### Task to complete
The answer consists solely of the listing's lines from the first through the line containing "A stack of croissants and donuts on a table.", each reproduced exactly.

### Source data
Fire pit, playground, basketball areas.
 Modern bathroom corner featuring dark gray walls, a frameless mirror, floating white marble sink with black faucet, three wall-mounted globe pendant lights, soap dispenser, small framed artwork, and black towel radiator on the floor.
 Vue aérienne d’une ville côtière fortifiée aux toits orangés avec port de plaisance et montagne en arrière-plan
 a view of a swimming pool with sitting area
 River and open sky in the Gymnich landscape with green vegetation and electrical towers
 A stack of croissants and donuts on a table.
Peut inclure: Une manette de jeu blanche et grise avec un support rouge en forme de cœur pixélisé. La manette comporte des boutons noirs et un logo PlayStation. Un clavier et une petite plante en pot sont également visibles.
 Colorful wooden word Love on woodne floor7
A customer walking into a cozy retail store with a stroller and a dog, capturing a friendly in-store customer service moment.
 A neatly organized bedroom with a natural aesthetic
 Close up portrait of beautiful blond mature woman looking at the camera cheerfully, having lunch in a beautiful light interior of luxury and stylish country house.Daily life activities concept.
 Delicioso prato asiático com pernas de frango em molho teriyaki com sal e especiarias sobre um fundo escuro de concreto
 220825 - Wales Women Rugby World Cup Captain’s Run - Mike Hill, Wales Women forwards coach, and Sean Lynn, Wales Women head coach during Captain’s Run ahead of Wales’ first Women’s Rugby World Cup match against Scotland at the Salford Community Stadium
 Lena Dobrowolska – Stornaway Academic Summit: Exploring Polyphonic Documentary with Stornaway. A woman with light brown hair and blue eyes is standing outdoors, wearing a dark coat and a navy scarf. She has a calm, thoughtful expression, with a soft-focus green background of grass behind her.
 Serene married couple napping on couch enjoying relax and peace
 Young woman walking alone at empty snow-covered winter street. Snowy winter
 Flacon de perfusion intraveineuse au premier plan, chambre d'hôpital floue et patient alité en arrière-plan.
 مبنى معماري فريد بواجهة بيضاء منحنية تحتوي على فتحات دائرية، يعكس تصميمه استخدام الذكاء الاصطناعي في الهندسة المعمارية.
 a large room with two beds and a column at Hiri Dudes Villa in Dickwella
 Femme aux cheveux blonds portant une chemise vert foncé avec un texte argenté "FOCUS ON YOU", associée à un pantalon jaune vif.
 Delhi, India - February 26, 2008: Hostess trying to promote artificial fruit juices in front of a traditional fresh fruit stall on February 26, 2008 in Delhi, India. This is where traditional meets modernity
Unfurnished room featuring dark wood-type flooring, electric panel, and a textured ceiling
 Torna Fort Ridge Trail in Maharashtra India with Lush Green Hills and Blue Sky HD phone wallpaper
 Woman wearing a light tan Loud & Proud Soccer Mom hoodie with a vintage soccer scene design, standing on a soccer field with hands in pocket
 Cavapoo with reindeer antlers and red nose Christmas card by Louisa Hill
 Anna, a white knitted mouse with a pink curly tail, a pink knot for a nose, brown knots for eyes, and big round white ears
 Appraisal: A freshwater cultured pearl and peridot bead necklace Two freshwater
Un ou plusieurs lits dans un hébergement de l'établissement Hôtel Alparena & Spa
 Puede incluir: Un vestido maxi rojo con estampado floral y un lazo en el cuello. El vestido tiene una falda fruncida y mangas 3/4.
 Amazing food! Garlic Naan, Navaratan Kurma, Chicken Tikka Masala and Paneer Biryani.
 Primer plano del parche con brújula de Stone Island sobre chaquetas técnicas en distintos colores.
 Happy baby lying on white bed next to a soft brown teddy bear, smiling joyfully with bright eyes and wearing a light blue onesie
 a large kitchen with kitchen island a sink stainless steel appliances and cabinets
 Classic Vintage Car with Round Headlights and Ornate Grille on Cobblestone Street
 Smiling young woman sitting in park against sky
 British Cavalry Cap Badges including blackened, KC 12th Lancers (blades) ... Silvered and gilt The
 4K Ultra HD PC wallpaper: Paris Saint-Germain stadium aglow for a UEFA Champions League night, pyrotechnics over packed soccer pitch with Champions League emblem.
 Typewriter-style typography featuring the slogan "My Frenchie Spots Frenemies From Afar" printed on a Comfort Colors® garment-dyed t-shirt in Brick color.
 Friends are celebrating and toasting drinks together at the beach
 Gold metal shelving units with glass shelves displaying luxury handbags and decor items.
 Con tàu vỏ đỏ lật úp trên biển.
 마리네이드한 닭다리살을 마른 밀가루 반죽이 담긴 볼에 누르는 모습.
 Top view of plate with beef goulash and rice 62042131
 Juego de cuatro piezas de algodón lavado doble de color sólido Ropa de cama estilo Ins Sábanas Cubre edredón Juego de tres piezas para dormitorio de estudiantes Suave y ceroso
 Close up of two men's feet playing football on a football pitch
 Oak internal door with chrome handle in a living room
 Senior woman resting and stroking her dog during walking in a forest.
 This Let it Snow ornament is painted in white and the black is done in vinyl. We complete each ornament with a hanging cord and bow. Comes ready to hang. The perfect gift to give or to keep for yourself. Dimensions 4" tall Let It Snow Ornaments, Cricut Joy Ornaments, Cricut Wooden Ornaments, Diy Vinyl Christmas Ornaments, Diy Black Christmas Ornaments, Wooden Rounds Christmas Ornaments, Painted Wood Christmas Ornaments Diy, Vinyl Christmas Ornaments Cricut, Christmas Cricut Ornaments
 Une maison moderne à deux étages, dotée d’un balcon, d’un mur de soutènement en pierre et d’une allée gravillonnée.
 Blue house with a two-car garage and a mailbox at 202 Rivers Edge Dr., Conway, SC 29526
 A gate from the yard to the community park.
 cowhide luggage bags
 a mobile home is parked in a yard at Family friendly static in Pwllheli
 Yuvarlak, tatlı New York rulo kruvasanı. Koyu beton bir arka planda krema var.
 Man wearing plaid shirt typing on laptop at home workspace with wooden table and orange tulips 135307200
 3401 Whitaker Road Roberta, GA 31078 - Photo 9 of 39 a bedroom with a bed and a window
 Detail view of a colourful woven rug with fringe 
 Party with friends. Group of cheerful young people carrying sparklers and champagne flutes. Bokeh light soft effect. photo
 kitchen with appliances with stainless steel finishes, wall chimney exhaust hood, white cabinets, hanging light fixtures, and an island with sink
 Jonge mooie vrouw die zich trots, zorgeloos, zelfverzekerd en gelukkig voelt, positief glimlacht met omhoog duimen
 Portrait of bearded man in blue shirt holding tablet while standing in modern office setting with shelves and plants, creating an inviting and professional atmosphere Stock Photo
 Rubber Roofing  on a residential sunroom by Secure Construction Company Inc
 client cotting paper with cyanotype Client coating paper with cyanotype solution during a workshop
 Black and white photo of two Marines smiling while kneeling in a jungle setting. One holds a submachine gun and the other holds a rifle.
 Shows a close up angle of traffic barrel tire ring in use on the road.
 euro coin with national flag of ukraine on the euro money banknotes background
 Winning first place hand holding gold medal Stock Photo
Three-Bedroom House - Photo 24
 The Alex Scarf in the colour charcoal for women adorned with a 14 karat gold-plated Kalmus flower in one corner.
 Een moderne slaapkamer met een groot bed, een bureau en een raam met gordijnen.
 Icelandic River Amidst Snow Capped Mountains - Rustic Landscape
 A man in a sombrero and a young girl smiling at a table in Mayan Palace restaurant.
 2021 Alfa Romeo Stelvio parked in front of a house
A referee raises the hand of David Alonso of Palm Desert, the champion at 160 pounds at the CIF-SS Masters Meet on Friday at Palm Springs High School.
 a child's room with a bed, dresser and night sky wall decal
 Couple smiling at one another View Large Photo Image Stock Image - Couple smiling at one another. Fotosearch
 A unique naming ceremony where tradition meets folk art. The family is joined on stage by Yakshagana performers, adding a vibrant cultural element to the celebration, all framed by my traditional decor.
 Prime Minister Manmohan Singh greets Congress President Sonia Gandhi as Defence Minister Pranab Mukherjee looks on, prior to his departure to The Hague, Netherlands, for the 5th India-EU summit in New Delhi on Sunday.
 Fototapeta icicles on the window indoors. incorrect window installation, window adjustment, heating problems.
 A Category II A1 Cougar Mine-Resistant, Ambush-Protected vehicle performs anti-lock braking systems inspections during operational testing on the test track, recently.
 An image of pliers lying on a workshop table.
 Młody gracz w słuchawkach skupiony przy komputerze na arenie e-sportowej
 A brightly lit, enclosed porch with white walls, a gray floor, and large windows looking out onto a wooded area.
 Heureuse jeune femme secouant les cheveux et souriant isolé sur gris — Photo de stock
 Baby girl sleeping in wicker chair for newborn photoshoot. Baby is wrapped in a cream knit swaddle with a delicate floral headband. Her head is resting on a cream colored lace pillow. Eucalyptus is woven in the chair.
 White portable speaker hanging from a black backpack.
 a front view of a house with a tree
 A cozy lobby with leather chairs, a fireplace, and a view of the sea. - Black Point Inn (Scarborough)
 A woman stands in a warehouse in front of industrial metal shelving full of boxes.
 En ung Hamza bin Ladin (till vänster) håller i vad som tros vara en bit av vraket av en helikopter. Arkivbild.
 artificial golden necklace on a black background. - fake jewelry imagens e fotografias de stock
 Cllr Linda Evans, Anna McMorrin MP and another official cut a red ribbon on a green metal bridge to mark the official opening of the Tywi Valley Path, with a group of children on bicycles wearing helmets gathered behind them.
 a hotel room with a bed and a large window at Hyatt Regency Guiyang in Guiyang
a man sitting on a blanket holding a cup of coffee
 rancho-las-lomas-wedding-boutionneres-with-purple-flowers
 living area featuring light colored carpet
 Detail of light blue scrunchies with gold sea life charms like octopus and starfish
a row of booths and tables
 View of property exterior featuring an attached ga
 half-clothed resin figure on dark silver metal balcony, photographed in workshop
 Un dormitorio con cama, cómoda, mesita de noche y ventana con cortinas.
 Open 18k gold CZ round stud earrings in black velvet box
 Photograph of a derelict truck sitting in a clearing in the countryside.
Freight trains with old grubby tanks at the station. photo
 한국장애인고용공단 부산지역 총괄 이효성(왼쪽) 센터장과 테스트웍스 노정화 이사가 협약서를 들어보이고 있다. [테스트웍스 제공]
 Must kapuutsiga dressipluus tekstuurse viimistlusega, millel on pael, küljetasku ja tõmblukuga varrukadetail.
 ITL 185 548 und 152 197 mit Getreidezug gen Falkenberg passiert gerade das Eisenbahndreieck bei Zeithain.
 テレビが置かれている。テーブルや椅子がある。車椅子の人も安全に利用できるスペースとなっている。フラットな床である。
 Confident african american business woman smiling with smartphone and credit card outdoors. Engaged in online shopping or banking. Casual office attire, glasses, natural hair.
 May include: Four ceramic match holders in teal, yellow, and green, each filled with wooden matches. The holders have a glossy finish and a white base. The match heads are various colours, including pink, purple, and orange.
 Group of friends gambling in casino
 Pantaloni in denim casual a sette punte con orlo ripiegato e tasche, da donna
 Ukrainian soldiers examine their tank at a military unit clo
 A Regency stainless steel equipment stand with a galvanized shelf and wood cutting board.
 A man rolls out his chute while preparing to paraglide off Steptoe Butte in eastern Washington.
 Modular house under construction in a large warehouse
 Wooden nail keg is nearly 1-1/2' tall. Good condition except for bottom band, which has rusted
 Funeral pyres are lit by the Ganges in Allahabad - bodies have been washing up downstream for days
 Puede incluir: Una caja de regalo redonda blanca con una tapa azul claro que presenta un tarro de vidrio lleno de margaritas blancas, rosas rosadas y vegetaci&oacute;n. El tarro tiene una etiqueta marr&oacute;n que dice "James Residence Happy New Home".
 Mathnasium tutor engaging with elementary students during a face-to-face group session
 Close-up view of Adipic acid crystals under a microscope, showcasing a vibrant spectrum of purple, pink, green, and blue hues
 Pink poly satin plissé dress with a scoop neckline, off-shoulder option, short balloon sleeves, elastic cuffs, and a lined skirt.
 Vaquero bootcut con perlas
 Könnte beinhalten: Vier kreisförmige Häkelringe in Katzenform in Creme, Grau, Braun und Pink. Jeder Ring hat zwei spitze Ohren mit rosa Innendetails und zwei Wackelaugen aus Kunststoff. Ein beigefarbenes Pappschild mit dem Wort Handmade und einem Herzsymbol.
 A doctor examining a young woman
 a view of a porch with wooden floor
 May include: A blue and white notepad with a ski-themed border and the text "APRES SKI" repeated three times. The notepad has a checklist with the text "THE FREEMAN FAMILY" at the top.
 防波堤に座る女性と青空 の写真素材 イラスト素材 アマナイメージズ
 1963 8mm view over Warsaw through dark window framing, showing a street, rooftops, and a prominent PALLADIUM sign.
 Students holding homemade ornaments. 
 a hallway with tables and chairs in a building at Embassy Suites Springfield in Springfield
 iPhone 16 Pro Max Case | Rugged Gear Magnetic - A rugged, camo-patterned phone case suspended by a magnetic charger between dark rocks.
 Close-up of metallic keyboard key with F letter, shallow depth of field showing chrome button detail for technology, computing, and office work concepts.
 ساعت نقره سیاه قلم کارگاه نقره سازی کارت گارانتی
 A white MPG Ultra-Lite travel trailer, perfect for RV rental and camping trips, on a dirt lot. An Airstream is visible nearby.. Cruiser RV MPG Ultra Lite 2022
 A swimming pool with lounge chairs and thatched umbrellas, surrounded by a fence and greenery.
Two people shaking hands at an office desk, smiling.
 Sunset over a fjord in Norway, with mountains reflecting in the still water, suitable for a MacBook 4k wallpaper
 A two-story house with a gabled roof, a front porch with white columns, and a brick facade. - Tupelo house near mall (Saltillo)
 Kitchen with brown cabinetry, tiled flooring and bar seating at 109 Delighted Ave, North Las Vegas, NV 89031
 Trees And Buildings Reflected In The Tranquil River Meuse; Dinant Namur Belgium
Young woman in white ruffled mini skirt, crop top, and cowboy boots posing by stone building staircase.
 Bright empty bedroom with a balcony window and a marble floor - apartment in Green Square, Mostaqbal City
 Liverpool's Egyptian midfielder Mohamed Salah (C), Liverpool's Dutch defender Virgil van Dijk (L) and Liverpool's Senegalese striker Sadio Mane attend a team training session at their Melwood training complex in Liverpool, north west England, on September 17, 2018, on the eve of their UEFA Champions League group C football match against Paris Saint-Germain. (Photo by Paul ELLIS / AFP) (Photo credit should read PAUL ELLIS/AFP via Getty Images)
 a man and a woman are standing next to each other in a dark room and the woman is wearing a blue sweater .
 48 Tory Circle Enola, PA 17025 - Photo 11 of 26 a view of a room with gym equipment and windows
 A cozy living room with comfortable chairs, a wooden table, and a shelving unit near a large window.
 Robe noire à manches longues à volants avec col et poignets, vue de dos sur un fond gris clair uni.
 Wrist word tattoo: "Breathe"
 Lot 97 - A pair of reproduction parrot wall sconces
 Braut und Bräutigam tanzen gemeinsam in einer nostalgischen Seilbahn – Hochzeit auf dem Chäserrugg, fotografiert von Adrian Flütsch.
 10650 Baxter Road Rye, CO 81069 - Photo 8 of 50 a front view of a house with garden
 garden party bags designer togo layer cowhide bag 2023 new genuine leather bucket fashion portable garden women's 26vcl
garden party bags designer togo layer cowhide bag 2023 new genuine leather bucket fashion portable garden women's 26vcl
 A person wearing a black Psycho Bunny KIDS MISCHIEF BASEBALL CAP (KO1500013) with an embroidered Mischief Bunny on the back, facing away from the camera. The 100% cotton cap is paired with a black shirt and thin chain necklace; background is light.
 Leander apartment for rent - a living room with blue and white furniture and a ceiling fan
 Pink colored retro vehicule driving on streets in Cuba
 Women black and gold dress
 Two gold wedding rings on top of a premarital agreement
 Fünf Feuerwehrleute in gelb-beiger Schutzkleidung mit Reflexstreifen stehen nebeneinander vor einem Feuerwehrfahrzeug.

### Task answer
Fire pit, playground, basketball areas.
 Modern bathroom corner featuring dark gray walls, a frameless mirror, floating white marble sink with black faucet, three wall-mounted globe pendant lights, soap dispenser, small framed artwork, and black towel radiator on the floor.
 Vue aérienne d’une ville côtière fortifiée aux toits orangés avec port de plaisance et montagne en arrière-plan
 a view of a swimming pool with sitting area
 River and open sky in the Gymnich landscape with green vegetation and electrical towers
 A stack of croissants and donuts on a table.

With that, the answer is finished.